WHAT IS EXPECTED ▸ A word-for-word restatement of the whole listing is the expected answer.
[THE DATA Boundary: Start]
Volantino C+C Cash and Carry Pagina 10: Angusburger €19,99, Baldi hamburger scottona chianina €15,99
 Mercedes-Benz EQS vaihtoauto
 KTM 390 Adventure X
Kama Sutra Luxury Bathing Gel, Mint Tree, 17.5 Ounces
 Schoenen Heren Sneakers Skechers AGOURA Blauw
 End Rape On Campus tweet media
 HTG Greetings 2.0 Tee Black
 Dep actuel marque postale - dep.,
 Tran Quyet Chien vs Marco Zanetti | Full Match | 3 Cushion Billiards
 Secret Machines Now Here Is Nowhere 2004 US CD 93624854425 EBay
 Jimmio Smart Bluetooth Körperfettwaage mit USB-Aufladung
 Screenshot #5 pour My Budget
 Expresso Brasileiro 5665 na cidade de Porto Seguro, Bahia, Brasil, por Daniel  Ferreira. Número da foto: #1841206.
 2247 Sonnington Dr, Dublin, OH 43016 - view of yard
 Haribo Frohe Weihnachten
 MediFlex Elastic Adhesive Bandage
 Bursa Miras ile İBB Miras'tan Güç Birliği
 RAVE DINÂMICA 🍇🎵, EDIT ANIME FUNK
[THE DATA Boundary: End]
OUTPUT BELOW ▸
Volantino C+C Cash and Carry Pagina 10: Angusburger €19,99, Baldi hamburger scottona chianina €15,99
 Mercedes-Benz EQS vaihtoauto
 KTM 390 Adventure X
Kama Sutra Luxury Bathing Gel, Mint Tree, 17.5 Ounces
 Schoenen Heren Sneakers Skechers AGOURA Blauw
 End Rape On Campus tweet media
 HTG Greetings 2.0 Tee Black
 Dep actuel marque postale - dep.,
 Tran Quyet Chien vs Marco Zanetti | Full Match | 3 Cushion Billiards
 Secret Machines Now Here Is Nowhere 2004 US CD 93624854425 EBay
 Jimmio Smart Bluetooth Körperfettwaage mit USB-Aufladung
 Screenshot #5 pour My Budget
 Expresso Brasileiro 5665 na cidade de Porto Seguro, Bahia, Brasil, por Daniel  Ferreira. Número da foto: #1841206.
 2247 Sonnington Dr, Dublin, OH 43016 - view of yard
 Haribo Frohe Weihnachten
 MediFlex Elastic Adhesive Bandage
 Bursa Miras ile İBB Miras'tan Güç Birliği
 RAVE DINÂMICA 🍇🎵, EDIT ANIME FUNK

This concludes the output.